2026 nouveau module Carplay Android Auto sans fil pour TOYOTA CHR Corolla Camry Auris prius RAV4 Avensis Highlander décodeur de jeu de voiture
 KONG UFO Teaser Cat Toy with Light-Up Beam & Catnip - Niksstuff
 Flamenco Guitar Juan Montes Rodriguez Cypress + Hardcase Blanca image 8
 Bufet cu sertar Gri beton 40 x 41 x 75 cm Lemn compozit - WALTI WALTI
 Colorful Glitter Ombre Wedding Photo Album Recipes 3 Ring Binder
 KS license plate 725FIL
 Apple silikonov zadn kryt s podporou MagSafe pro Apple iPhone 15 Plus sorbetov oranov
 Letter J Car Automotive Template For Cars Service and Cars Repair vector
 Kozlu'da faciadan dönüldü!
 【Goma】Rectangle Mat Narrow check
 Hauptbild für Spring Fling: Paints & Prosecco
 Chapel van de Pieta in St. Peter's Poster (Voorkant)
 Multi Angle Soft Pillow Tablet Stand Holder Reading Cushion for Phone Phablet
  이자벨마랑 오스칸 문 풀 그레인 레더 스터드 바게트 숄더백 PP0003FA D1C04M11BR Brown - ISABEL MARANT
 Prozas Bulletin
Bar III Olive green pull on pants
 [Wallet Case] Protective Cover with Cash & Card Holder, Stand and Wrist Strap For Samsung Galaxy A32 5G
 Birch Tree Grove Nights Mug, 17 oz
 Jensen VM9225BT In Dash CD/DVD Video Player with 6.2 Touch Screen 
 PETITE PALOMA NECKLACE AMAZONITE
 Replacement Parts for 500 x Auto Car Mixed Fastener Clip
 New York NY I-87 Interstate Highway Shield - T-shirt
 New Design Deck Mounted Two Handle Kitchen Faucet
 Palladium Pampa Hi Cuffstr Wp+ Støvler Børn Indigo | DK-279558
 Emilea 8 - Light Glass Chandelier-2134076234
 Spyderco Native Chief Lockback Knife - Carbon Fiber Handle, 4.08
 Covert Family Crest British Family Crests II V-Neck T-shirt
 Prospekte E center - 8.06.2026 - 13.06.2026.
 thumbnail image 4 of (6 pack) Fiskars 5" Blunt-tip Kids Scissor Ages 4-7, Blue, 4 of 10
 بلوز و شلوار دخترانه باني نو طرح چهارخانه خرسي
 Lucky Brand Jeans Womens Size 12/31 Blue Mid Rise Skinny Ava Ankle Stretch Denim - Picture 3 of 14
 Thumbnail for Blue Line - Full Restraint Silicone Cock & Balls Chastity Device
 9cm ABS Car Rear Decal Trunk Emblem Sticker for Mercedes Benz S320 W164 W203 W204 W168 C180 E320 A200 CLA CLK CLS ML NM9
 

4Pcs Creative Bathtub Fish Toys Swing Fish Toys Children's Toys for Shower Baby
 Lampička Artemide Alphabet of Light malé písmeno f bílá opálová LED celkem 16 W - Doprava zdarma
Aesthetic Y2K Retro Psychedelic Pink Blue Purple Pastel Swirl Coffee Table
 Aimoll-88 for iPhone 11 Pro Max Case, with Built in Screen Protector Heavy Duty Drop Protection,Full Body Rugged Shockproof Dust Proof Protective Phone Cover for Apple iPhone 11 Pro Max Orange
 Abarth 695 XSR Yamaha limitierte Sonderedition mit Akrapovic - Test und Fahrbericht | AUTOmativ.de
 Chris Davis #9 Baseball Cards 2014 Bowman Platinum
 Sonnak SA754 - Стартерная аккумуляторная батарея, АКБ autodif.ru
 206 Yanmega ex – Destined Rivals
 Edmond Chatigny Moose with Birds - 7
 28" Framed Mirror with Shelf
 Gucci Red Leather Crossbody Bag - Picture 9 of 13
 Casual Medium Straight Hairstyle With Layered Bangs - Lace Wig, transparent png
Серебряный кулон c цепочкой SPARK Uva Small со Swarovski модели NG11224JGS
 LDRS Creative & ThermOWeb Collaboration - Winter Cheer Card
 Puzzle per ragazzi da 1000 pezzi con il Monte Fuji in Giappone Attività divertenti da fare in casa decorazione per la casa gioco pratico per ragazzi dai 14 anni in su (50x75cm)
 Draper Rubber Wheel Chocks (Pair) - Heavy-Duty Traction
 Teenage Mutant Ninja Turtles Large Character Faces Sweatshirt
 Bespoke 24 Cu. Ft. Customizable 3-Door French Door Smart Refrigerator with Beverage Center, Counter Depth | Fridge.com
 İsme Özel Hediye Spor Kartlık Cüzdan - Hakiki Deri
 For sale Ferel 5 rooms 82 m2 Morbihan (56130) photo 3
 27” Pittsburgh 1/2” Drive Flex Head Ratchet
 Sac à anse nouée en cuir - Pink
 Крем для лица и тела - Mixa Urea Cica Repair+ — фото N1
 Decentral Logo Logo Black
========================================================================
** Exercise objective **
Read the entries above, then pull out the lines that include "Light".

** Result for this task **
 KONG UFO Teaser Cat Toy with Light-Up Beam & Catnip - Niksstuff
 Emilea 8 - Light Glass Chandelier-2134076234
 Lampička Artemide Alphabet of Light malé písmeno f bílá opálová LED celkem 16 W - Doprava zdarma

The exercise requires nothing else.